When I did the same update in the prd where openSSL is also there, it failed to start the service.


steps to update the apache from 2.4.6 to 2.4.9
----------------------------------------------
1> stop the apache services
2> Take the backup by copying original Apache installation directory and rename it . (eg I:\Program Files (x86)\Apache Software Foundation\Apache2.2 to Apache2.2_old)
3> Unzip the latest binaries to the temp directory
4> Copy the following files apache\bin , apache\modules to the Apache Inst Directory ( I:\Program Files (x86)\Apache Software Foundation\Apache2.2)
5> start the apache service

----------------------------------------------------

QA and PRD both has enabled openSSL but it was prd where we got the issue , and the apache services couldnt be started.
We have had to revert the change.

Find the error log in the apache directory
--------------------------

[Tue Jun 24 21:12:12.665632 2014] [ssl:emerg] [pid 3336:tid 320] AH02561: Failed to configure certificate

RGWEB58V.brotherdc.eu:443:0, check G:/Program Files (x86)/Apache Software Foundation/Apache2.2/conf/server.crt
[Tue Jun 24 21:12:12.665632 2014] [ssl:emerg] [pid 3336:tid 320] SSL Library Error: error:0906D06C:PEM

routines:PEM_read_bio:no start line (Expecting: CERTIFICATE) -- Bad file contents or format - or even just a

forgotten SSLCertificateKeyFile?
[Tue Jun 24 21:12:12.665632 2014] [ssl:emerg] [pid 3336:tid 320] SSL Library Error: error:140AD009:SSL

routines:SSL_CTX_use_certificate_file:PEM lib

---------------------------------------

I read somewhere that there is bug in 2.4.9 as this version breaks the openSSL.
Also read on this forum that someone resolved the issu by changing the server certificate from DER to PEM.

Can you please help this issue to resolve?

[jraute]

Is it a typo or why is the installation-path I:\Program Files (x86)\Apache Software Foundation\Apache2.2... and your certificate-path G:\Program Files (x86)\Apache Software Foundation\Apache2.2... ?

Pls check the pathes!

[rks4sm]

No, that is just because I and G are drives from two different systems.

That is perfectly fine.

[jraute]

Is your apache installation in your production environment a copy of your qa-system? if not try that and check the pathes.

Greets
JR

[rks4sm]

Hi,

No There is no path issues for two different systems.

I just replaced bin and modules from the latest binaries to the Apache directory (G:\Program Files (x86)\Apache Software Foundation\Apache2.2) and re started the apache service.

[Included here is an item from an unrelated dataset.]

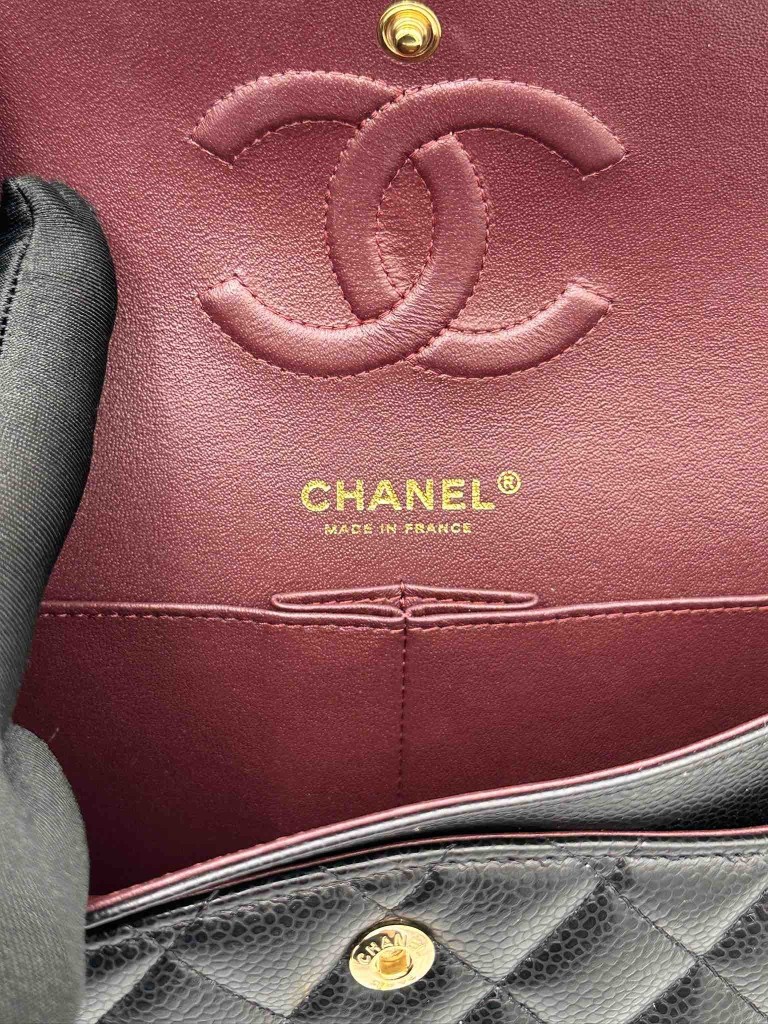 Chanel Classic Medium Double Flap bag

But couldn't start the Apache service.

[timo]

Is SSLCertificateFile PEM-coded?

[rks4sm]

Hi ,

No it's DER coded.

I tried to convert DER to PEM and but that did not work either.

See the error I saw during the issue:
----------------------------------------
[Wed Jul 02 21:14:21.509234 2014] [ssl:warn] [pid 2428:tid 320] AH01909: RSA certificate configured for abc.xyz.eu:443 does NOT include an ID which matches the server name
[Wed Jul 02 21:14:21.899237 2014] [ssl:warn] [pid 2428:tid 320] AH01909: RSA certificate configured for abc.xyz.eu:443 does NOT include an ID which matches the server name

--------------------------------------------

Is this warning trivial or related to my issue?

Thanks,
Rakesh

[Steffen]

Maybe you can post your issues also at http://httpd.apache.org/userslist.html .

Httpd developers are following also this list.